There were Tamales, tacos and tortas. . . . .
Burro sausage? WHAT? I didn’t even ask – Fred and Ginger, NEVER.
And a wonderful desert tortoise we were told was born May 20, 2012
What a gorgeous shell!
The shocking price of eggs Back in the 90’s when we still had an active farm and laying hens we sold our organic eggs for $1.50- 1.75 a dozen.
That’s a 400% increase for a dozen. Gas would have to be $4.60 a gallon to have gone up that much. Maybe if you live in California it is. Here in New Mexico I am paying $2.61.
That’s over 30 years. Have all prices gone up that much?
Just down the block the difference is about 600%.
People were cueing up for breakfast
Here’s what was on the menu. Looks like they are out of a few things already.
Yummy pastries at one spot
And the Bread Club at another
Beans and greens and red chile flowers
Music
I couldn’t get a good picture of the Spirit Healing. There were too many people all around the table.
And as I left Bonnie Bramble had moved her spot but she was still packing them in. Would you have had your hand counseled??
MAY 20 Tuesday
The group of artists that Mable Dodge Luhan (see my previous post here) brought to Taos included not only Georgia O’Keeffe and others but D.H. Lawrence and his wife Frieda.
Luhan had purchased the 160 acre property, now known as the D.H. Lawrence Ranch, in 1920 from its second owners William and Mary McClure.
The McClures had purchased it from the original homesteader John Craig in 1893 and had built all the buildings other than what is known as the Homesteaders Cabin which was built by Craig.
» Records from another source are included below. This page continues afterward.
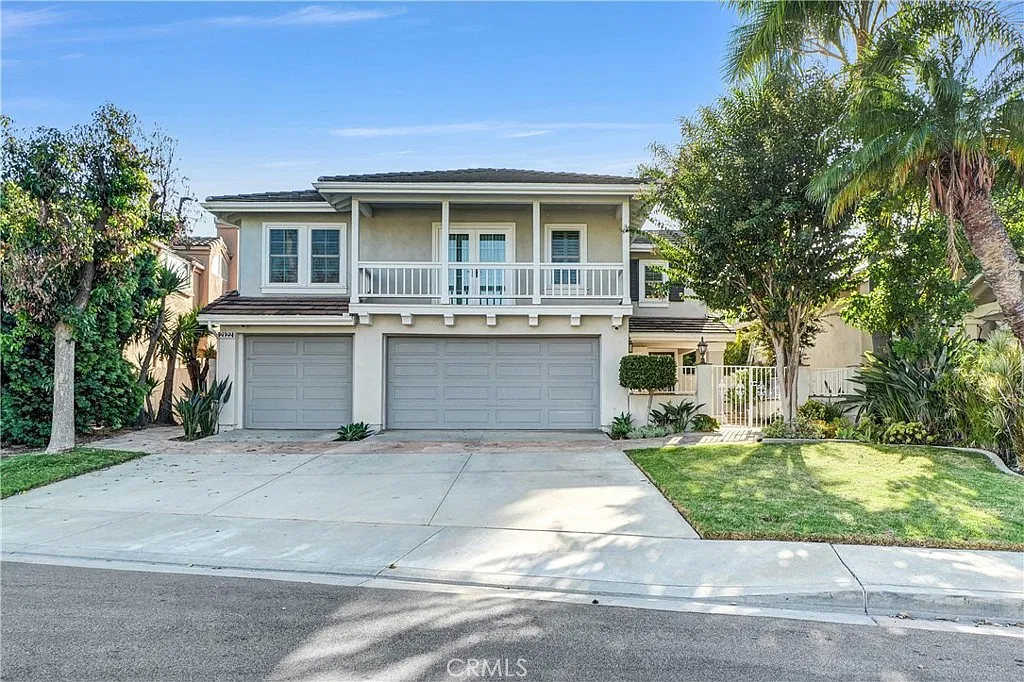 4 bed, 2825 sqft, $6,300 — Photo 1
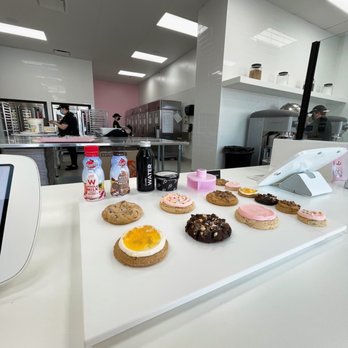 Crumbl - Battleground - Bakeries Near Me - Greensboro, North Carolina
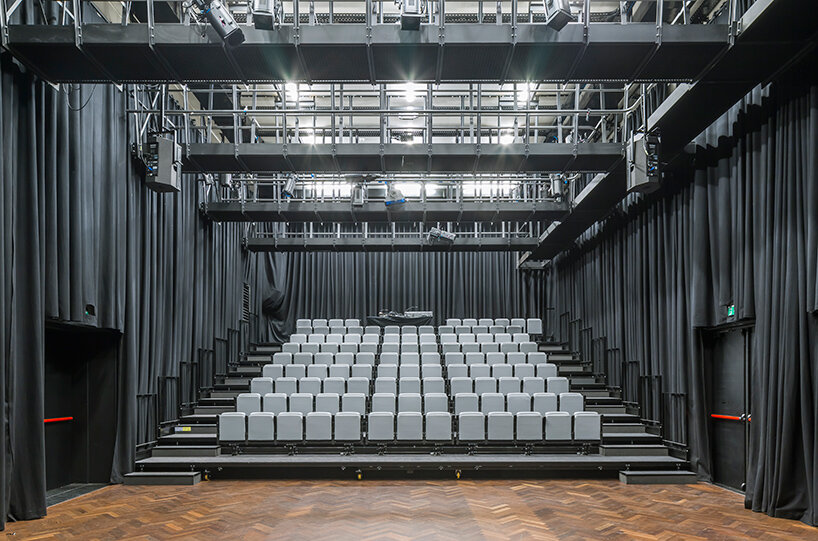 DMVA arts center nOna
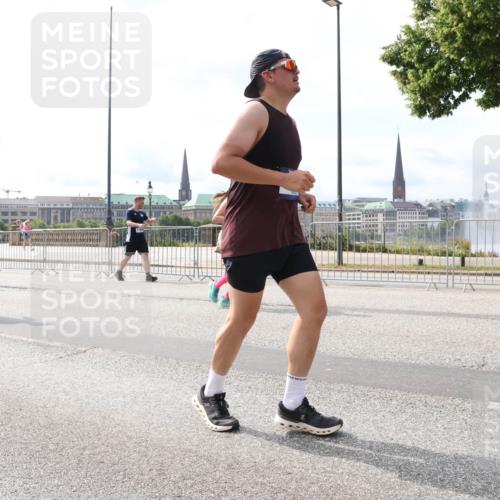 29.06.2025 - hella hamburg halbmarathon Lena Gebhardt http://msf.ph/oto/8420760 29.06.2025 10:18:26 Lombardsbrücke 5909, 1159, 1160, 1234, 1268, 1325, 1554, 1820, 1982, 2087, 2147, 2335, 2634, 2703, 2931, 3125, 3202, 3321, 3482, 3529, 3977, 4123, 4383, 4710, 4738, 4802, 4804, 5049, 5909, 5910, 6270, 6332, 6533, 7094, 7160, 7214, 7454, 7641, 7649, 7838, 7882, 7883, 8067, 8248, 8341, 8607, 8665, 9222, 9276, 9505, 9539, 9586, 9658, 9717, 9734, 9748, 9834, 9844, 10172, 10332, 10502, 10659, 10687, 10908, 12498, 12541, 12548, 12552, 12703, 13341 meine-sportfotos.de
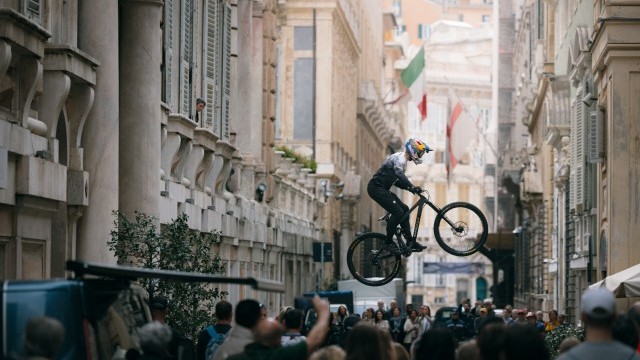 Video: Tomáš Slavík Showcases Genoa in Stunning Red Bull Cerro Abajo Preview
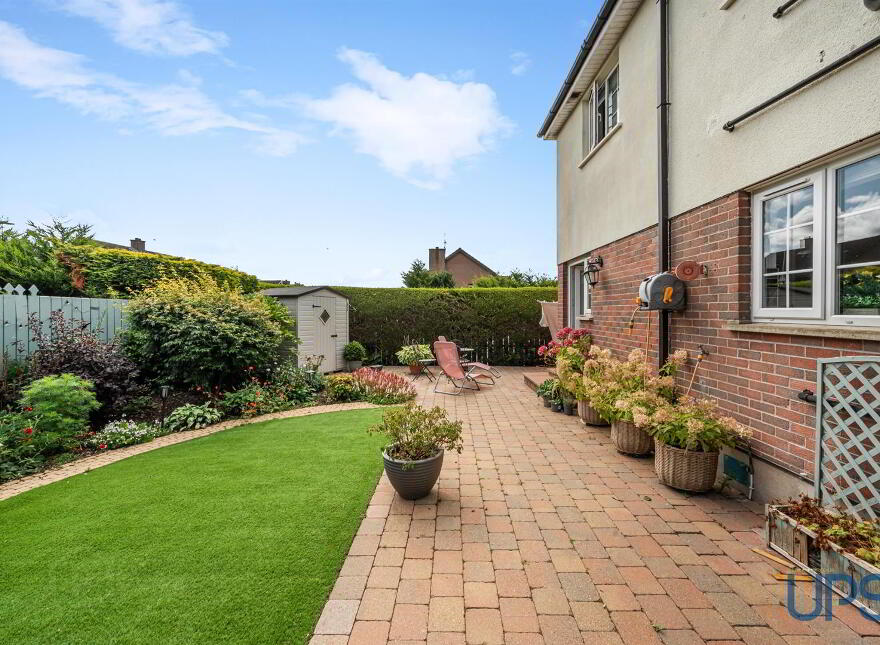 47 Lagmore Grove, Stewartstown Road, Belfast, BT17 0TD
Lawrence had arrived in America in 1920 escaping the censorship of his work and potential imprisonment in England. As an enticement to keep him here, Luhan had given them the property at the foot of Lobo Mountain which Lawrence refused but Frieda accepted. He subsequently named it Kiowa Ranch for its Native American connections . Multiple sources say this gift was in exchange for the original manuscript of Sons and Lovers. A search for the current location of the original manuscript didn’t yield any results so I’m personally skeptical.
Back to the property. The elevation is 8600 feet and the site lies along an ancient route connecting the Kiowa Indians of the plains to the tribes and pueblos in New Mexico, thus Lawrence’s name in historical homage. Today the trail is used by the Taos Pueblo people to travel to the clay pits. I didn’t think to ask the caretaker where the trail was and if the it was open to the public. I am so sorry I did not. Next time. . . .
It was noon when I finally arrived after having Google Maps, unbeknownst to me, send me in some back way which turned out to be a dead end after miles of terrible narrow rocky roads which it kept insisting would end at the ranch but did not.
When I finally gave up deciding I was in the back of beyond and turned around and looked for other directions. I did finally find the wide scraped dirt road to the Lawrence Ranch right off a perfectly State Route 522. I had wasted over an hour and had already gotten a late start. The ranch is only open Tues-Thursday from 9:30 to 3:30. The dirt road is reasonable but it is nearly 6 miles down it to the ranch.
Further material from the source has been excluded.